1. Nature of Operations and Going Concern
BitRush Corp. (“BitRush”, or the “Company”) was incorporated under the laws of the Province of Ontario and is governed by the Business Corporations Act (Ontario). The Company is currently looking to adopt a new business plan or to make an acquisition. The Company’s common shares are listed on the Canadian Securities Exchange (the “CSE”) under the trading symbol “BRH” but are currently suspended from trading. The address of the Company’s registered office is located at 120 Adelaide Street West, Suite 2500, Toronto, Ontario, M5H 1T1, Canada.
For the six months ended June 30, 2024, the Company incurred a net loss of $99,399 and negative cash flow from operations of $33,226, and as at June 30, 2024, the Company had an accumulated deficit of $5,581,090 (December 31, 2023 – accumulated deficit of $5,481,691). These unaudited condensed interim financial statements have been prepared on the basis that the Company will continue as a going concern, which assumes the realization of assets and the settlement of liabilities in the normal courses of business. The appropriateness of using the going concern basis is dependent upon, among other things, future profitable operations, the ability of the Company to obtain necessary financing, and to identify, evaluate, and negotiate an acquisition of assets or businesses. It is not possible to predict whether financing efforts will be successful or if the Company will attain profitable levels of operations. These conditions represent material uncertainties which may cast significant doubt on the Company’s ability to continue as a going concern.
These unaudited condensed interim financial statements do not give effect to adjustments that would be necessary should the Company be unable to continue as a going concern and therefore be required to realize its assets and liquidate its liabilities and commitments in other than the normal course of business and at amounts different from those in the accompanying financial statements. Such adjustments could be material.
2. Basis of Presentation
2.1 Statement of Compliance
The Company’s unaudited condensed interim financial statements, including comparatives, have been prepared in accordance with International Financial Reporting Standards (“IFRS”) as issued by the International Accounting Standards Board. These unaudited condensed interim financial statements have been prepared in accordance with International Accounting Standards 34 – Interim Financial Reporting (“IAS 34”).

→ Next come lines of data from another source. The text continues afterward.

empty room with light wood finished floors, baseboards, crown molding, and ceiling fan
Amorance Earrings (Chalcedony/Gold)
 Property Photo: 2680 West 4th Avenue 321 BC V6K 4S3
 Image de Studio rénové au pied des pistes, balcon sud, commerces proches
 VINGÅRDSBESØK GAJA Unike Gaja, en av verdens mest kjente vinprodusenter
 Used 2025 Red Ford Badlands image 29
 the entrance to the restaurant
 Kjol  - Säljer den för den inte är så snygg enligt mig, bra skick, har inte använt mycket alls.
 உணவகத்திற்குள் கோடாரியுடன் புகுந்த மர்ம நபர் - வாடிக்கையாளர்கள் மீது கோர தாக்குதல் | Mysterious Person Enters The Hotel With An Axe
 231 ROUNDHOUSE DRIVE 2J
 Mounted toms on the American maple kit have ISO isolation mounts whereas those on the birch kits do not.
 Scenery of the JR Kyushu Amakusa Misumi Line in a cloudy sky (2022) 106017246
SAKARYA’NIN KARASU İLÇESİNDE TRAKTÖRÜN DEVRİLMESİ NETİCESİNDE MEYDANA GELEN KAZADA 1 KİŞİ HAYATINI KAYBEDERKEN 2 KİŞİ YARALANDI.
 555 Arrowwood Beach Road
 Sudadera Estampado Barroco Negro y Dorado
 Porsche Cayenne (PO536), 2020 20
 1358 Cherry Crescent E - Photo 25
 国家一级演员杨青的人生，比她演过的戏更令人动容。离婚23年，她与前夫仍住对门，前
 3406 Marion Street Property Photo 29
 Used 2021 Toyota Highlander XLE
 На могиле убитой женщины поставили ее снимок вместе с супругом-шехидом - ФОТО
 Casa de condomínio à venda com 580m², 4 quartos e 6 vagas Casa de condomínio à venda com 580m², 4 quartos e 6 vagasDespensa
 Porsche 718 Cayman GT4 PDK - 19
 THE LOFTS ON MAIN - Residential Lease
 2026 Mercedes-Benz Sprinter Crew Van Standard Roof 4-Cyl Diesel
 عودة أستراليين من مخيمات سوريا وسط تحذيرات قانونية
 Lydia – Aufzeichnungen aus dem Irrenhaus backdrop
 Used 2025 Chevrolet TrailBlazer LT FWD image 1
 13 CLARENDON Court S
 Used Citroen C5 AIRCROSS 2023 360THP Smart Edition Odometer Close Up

These unaudited condensed interim financial statements were reviewed, approved, and authorized for issuance by the Board of Directors (the “Board”) of the Company on July 25, 2024.
2.2 Basis of Measurement
These unaudited condensed interim financial statements were prepared under the historical cost basis except for financial instruments which are measured at fair value. In addition, these unaudited condensed interim financial statements have been prepared using the accrual basis of accounting, except for cash flow information.
2.3 Functional Currency
Items included in these financial statements are measured using the currency of the primary economic environment in which the entity operates (the “functional currency”). The functional currency of the Company is the Canadian Dollar (“$” or “CAD”), which is also the presentation currency of these financial statements, unless otherwise noted.
2.4 Significant Accounting Judgments and Estimates
The preparation of these financial statements in conformity with IFRS requires management to make judgments, estimates and assumptions that affect the application of policies and reported amounts of assets, liabilities, revenue and expenses. On an ongoing basis, management evaluates its judgments and estimates in relation to assets, liabilities, revenue and expenses. Management uses historical experience and various other factors it believes to be reasonable under the given circumstances as the basis for its judgments and estimates. Actual outcomes may differ from these estimates under different assumptions and conditions. These estimates are reviewed periodically, and adjustments are made as appropriate in the period they become known.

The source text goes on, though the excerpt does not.